- Exercise goal: Your task is to return the listing below word for word, without any of its images.

- Data provided:
· · · · ·
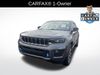 2023 Jeep Grand Cherokee Overland 4xe | Huntsville, Alabama | Landers Mclarty DCJ 2023 Jeep Grand Cherokee Overland 4xe | Huntsville, Alabama | Landers Mclarty DCJ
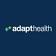 AdaptHealth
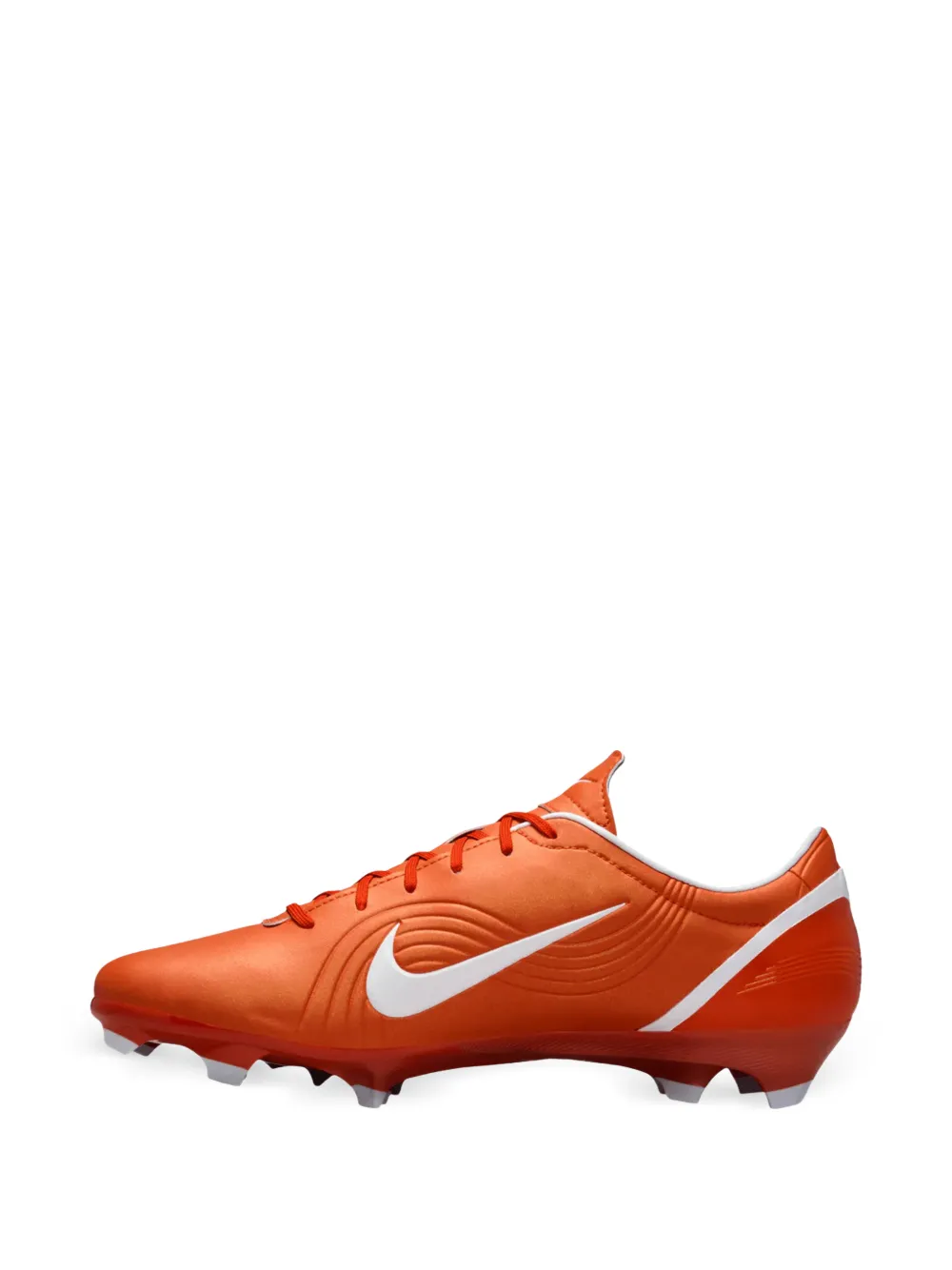 Nike Mercurial Vapor 1 RGN SE sneakers Oranje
· · · · ·
- Reply:
 2023 Jeep Grand Cherokee Overland 4xe | Huntsville, Alabama | Landers Mclarty DCJ 2023 Jeep Grand Cherokee Overland 4xe | Huntsville, Alabama | Landers Mclarty DCJ
 AdaptHealth
 Nike Mercurial Vapor 1 RGN SE sneakers Oranje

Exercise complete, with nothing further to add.